The Supreme Court votes privately after oral arguments, and the majority produces a written opinion. If Chief Justice Roberts is in the majority he assigns or writes the opinion; otherwise the senior justice in the majority does. Draft opinions circulate confidentially and can change as justices persuade one another — a process exposed briefly by the 2022 Dobbs draft leak. Many deliberative details only emerge later through leaks, reporting or archived papers.
Behind Closed Doors: How the Supreme Court Deliberates, Drafts Opinions and Sometimes Changes Minds

After oral arguments conclude, the Supreme Court’s work continues in private. The justices meet in conference, cast an internal vote on the outcome, and the majority prepares a written opinion explaining the Court’s decision.
Who Writes the Opinion? If Chief Justice John Roberts is in the majority, he either authors the opinion or assigns it to another justice in the majority. If the chief justice is in the minority, the most senior justice in the majority makes that assignment. Those drafting and editing decisions happen behind closed doors; the public usually sees only the final published opinions.
Drafts, Circulation and Editing Draft opinions routinely circulate among the justices and their clerks as part of the Court’s confidential deliberative work. These drafts are not final: colleagues can suggest edits, request clarifications, or propose changes small and large — from rewording passages to adjusting footnotes — to build a stable majority.
“Justices circulate draft opinions internally as a routine and essential part of the Court’s confidential deliberative work,” the Court said after the 2022 Dobbs draft leak, noting the draft did not represent a final Court decision.
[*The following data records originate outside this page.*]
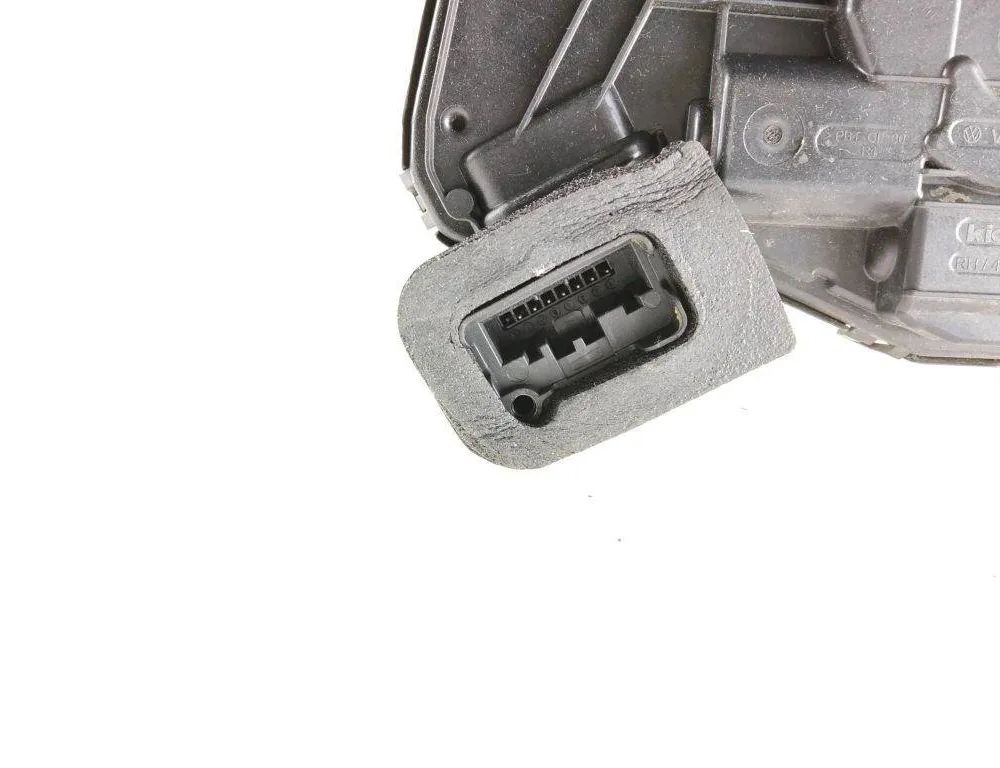 VOLKSWAGEN Passat B7 (2010-2015) Bakre höger dörrlås 5E0839016A,5TA839016E 31919544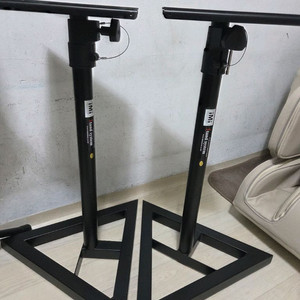 스피커 스탠드 이미지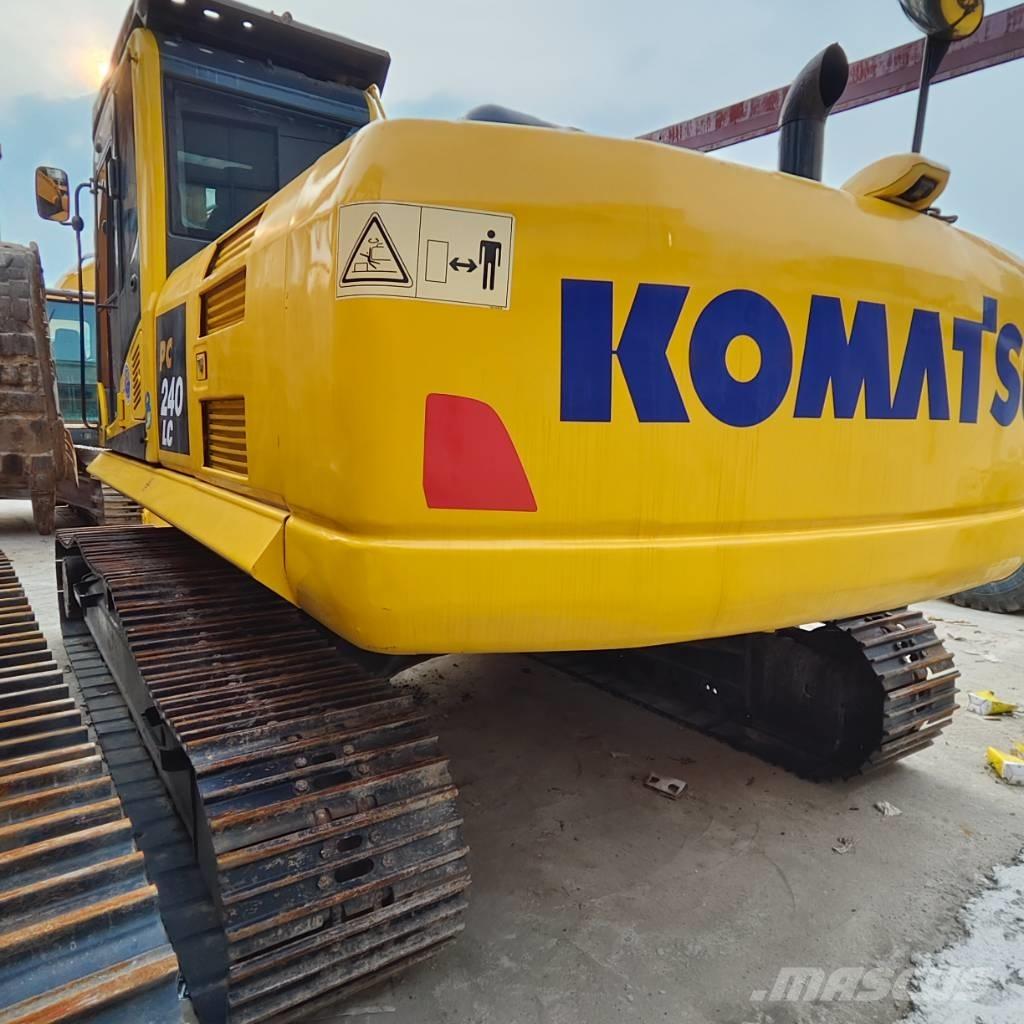 Komatsu PC 240-8 Gravemaskiner på larvebånd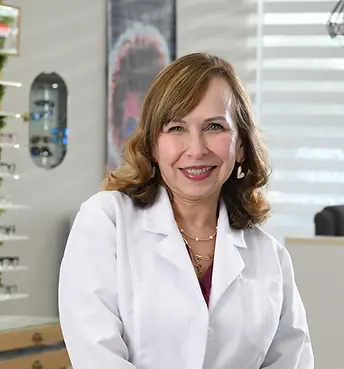 Dr Thais Amaya.webp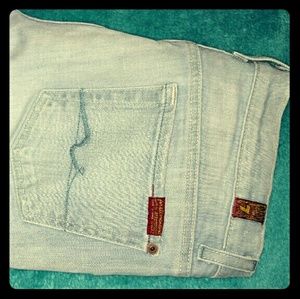 7 for all Mankind jeans size 28 light wash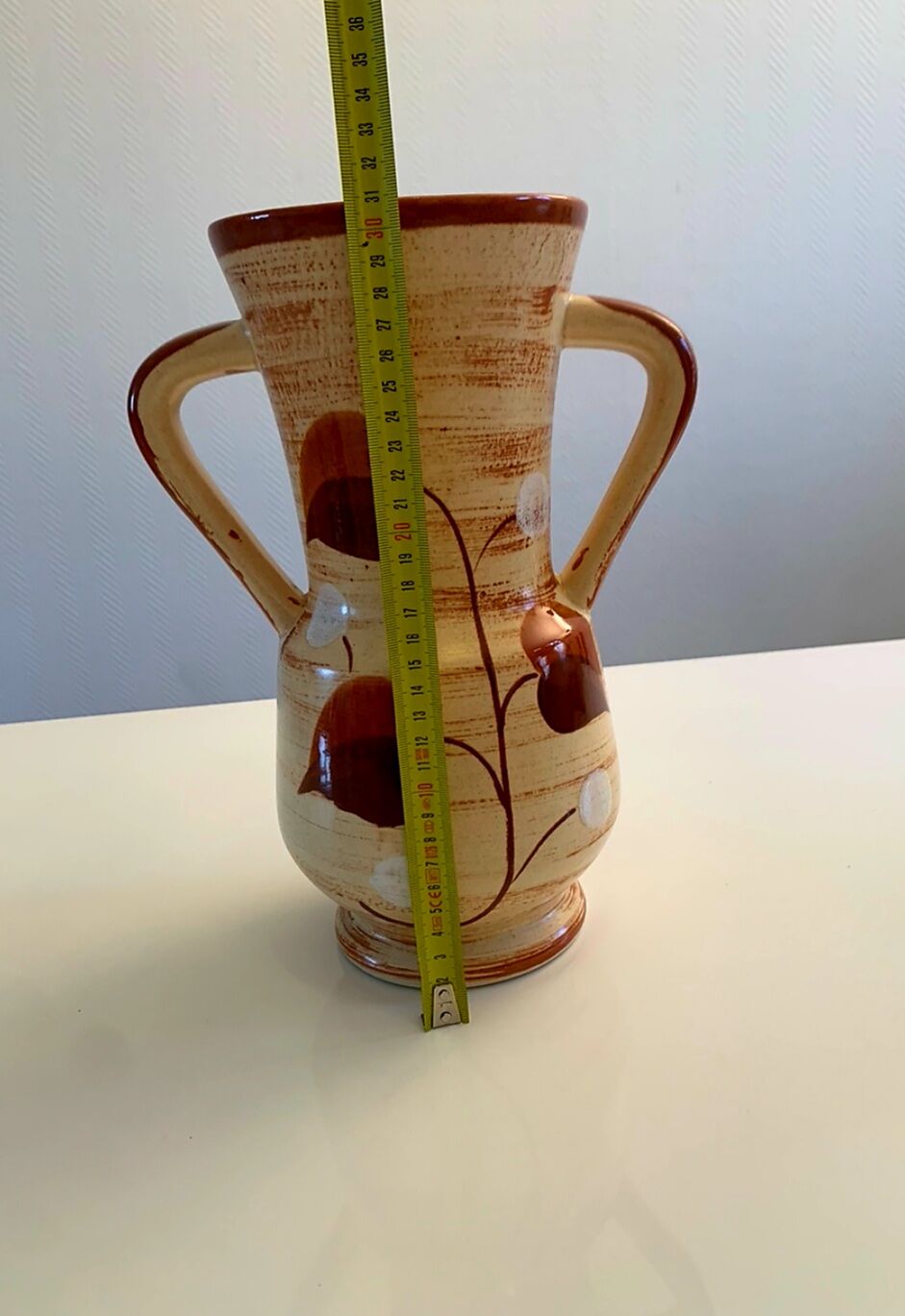 Lunéville ceramic vase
When Drafts Become Public Leaks and later disclosures provide rare windows into this secretive process. The May 2022 leak of a draft opinion in Dobbs v. Jackson Women’s Health Organization — the case that overturned Roe v. Wade — showed how internal drafts can reveal early alignments and attract intense public scrutiny. Reporting afterward suggested the leak made it harder for some justices to shift positions as deliberations continued.
Persuasion and Vote Changes Deliberation can change outcomes. Justice Ruth Bader Ginsburg once recalled writing a dissent that began with only one other vote but later persuaded enough colleagues to become the Court’s majority opinion. In other famous moments, investigative reporting has revealed late shifts — for example, reporting that Chief Justice Roberts changed his vote in the Affordable Care Act case (NFIB v. Sebelius) in 2012.
What We Usually Don’t See Most negotiations and bargaining over language, scope and legal rationale remain hidden from contemporaneous view. Sometimes later disclosures — in news reporting or in justices’ archived papers released after they leave the bench — illuminate these private exchanges. For now, many of the Court’s internal dynamics are known only to the participants.
Timing The Court typically issues its final opinions for the term by early July, though the internal drafting and vote-shaping occur over weeks or months beforehand.